Abstract strategy board game

Crossings is a two-player abstract strategy board game invented by Robert Abbott. The rules were published in Sid Sackson's A Gamut of Games. Crossings was the precursor to Epaminondas, which uses a larger board and expanded rules.

==Gameplay==

===Equipment===
- 1 8x8 gameboard
- 32 stones (16 of each color)

===Object===
- Cross one stone to the opponent's end of the gameboard.

===Turns===
- Play alternates with each player making one movement on a turn.
- Red takes the first turn.

===Movement===
A group is a series of one or more same-colored stones adjacent to one another in a line (diagonal, horizontal, or vertical). A stone may belong to one or more groups.

- A player may move a single stone, an entire group, or a subgroup.
- A group consisting of a single stone may move one space diagonally or orthogonally into an empty square.
- A group must move along the line which defines it. It may move a number of spaces equal to the number of pieces in that group.
- When part of a group is moved (a subgroup), it must move along the line which defines it. It may move a number of spaces equal to the number of pieces in the subgroup.
- When a subgroup is moved it must involve one of the end stones.
- Pieces may not move onto an occupied square.

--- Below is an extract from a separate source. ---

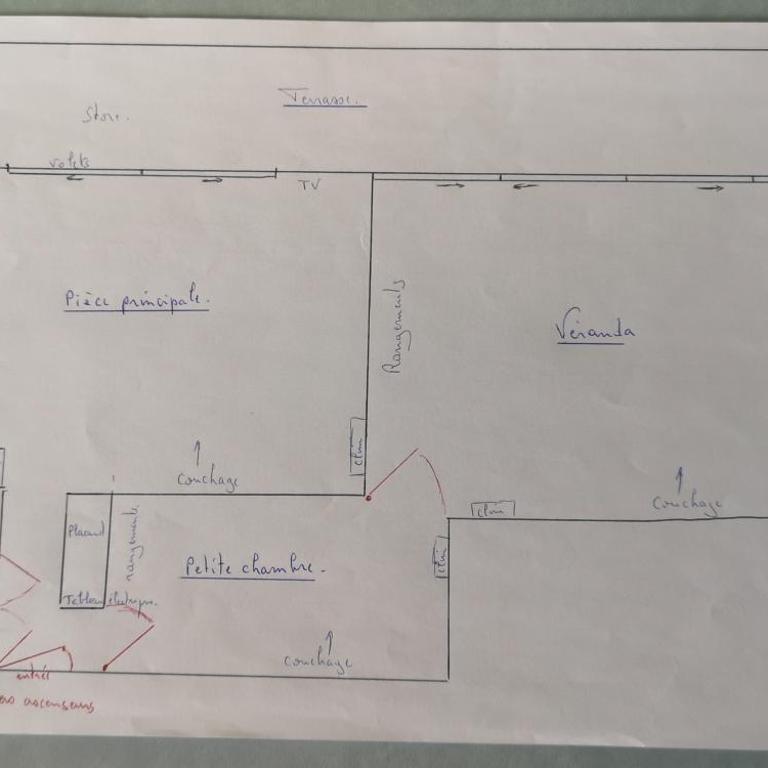 20 m2 de terrasse face à la mer à Canet en Roussillon - Appartement 2 Chambres - 16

===Capturing an enemy stone===
- If the first stone in a moving group encounters a single enemy stone, the group's movement stops there, and the enemy stone is captured.
- If the first stone in a moving group encounters an end stone of an opponent's group, it can capture that stone if the opponent's group is smaller.
- If it cannot capture the end stone because the opponent's group is the same size or larger, it is not allowed to move on to that square.

===End of the game===
- A player possibly wins the game if they get a stone on the home row, or row furthest from their side. If the opponent cannot get a stone of their own onto the first player's home row in the next move, the first player wins. Otherwise, those stones are "locked"; they cannot be moved or captured. The next attempt at crossing, as this is called, will determine the winner (unless it, too, is immediately followed by a counter-crossing, and so on.)
- The game is a draw if no player can complete the objective. Draws are rare.